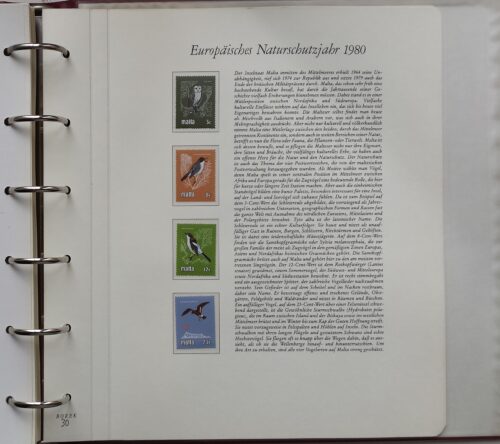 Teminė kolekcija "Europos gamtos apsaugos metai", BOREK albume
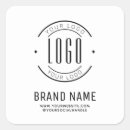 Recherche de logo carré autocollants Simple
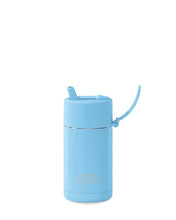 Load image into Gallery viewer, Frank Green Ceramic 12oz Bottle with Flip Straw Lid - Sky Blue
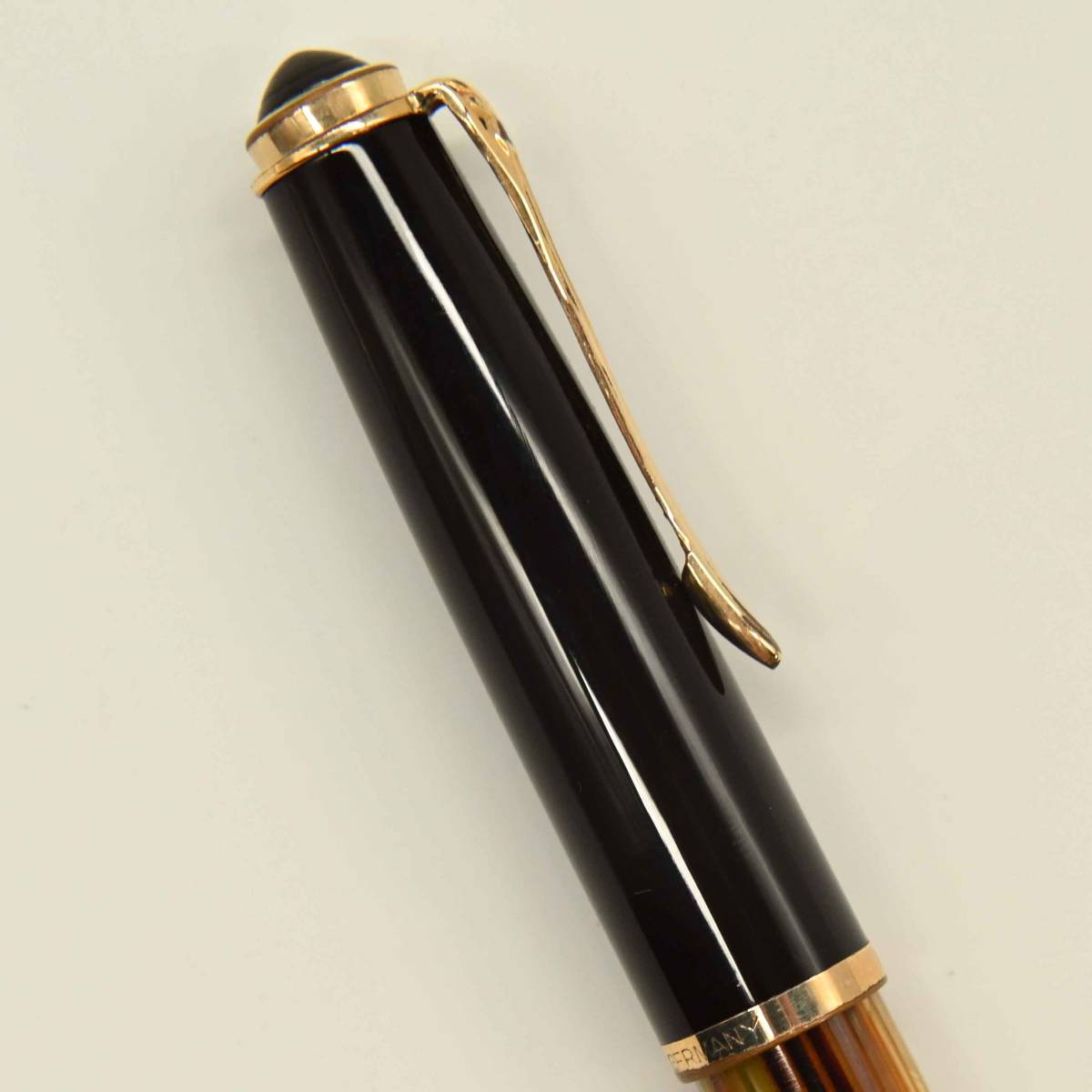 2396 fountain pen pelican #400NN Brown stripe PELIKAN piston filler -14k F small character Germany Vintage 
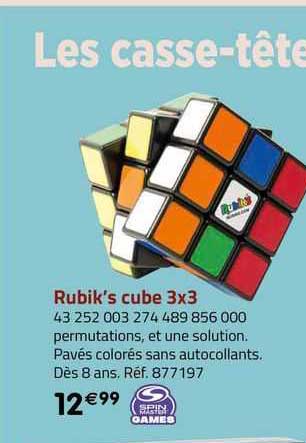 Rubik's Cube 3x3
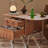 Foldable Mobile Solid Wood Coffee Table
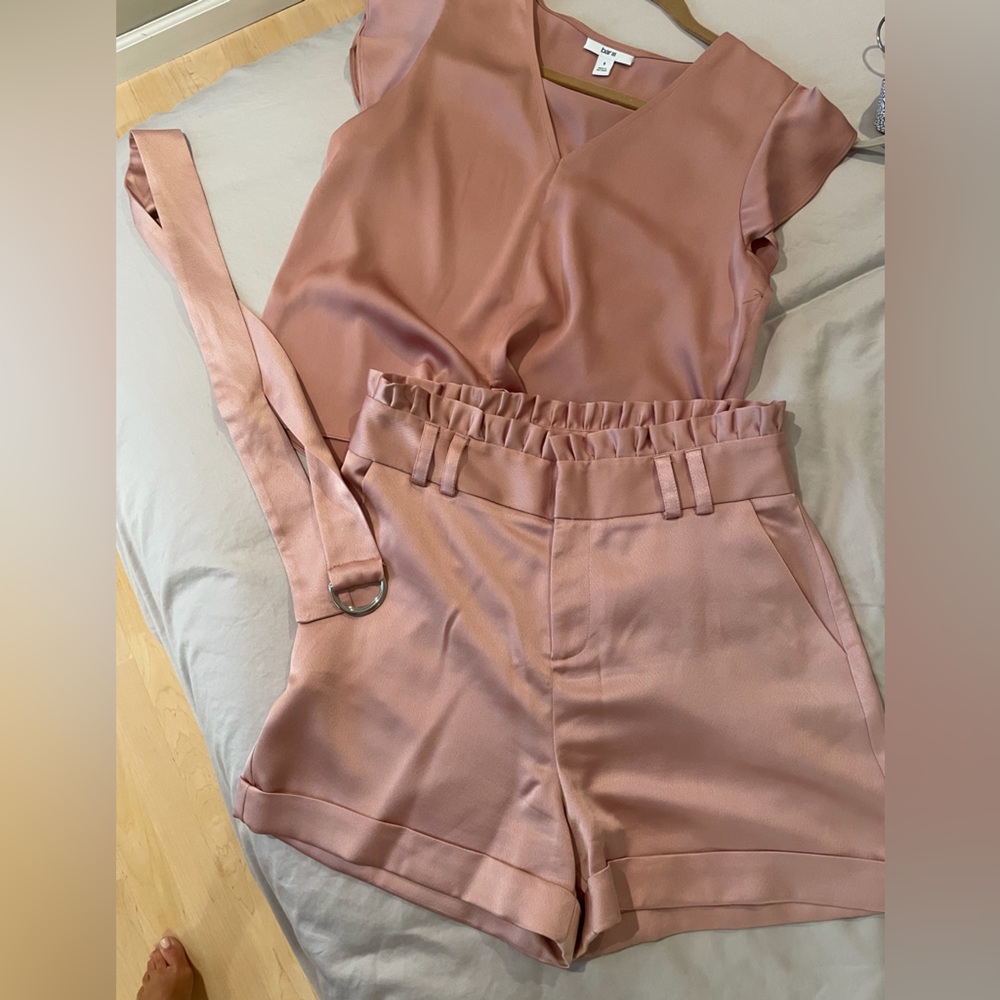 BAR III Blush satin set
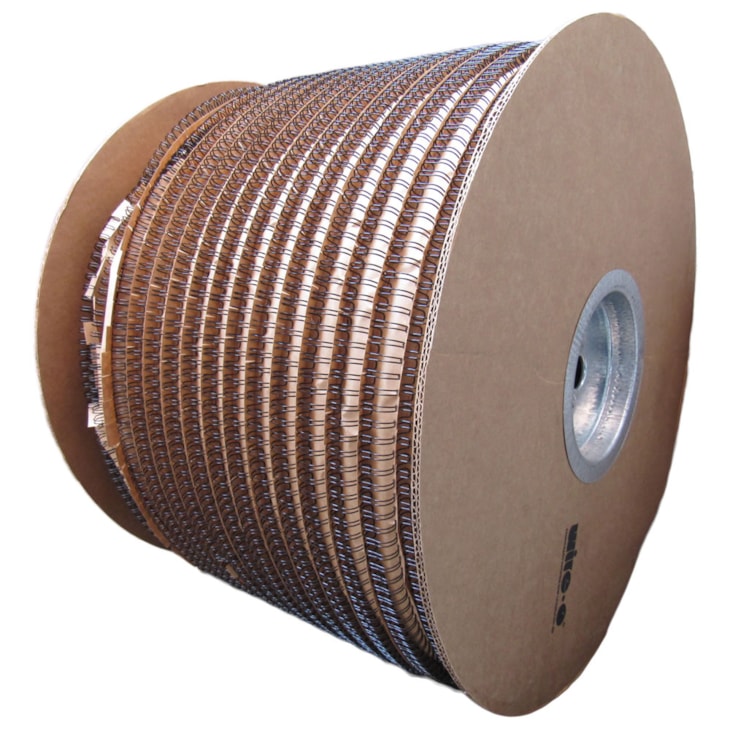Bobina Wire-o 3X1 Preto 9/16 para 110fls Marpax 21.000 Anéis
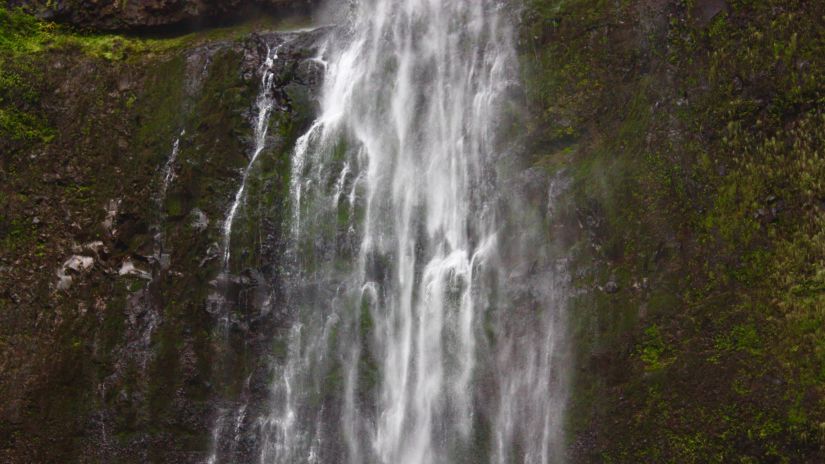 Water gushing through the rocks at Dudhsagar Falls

#####

In the copy, include exactly the lines from the one with "Bobina Wire-o 3X1" through the final line of the entries above, both ends counted, and no pictures.

Bobina Wire-o 3X1 Preto 9/16 para 110fls Marpax 21.000 Anéis
 Water gushing through the rocks at Dudhsagar Falls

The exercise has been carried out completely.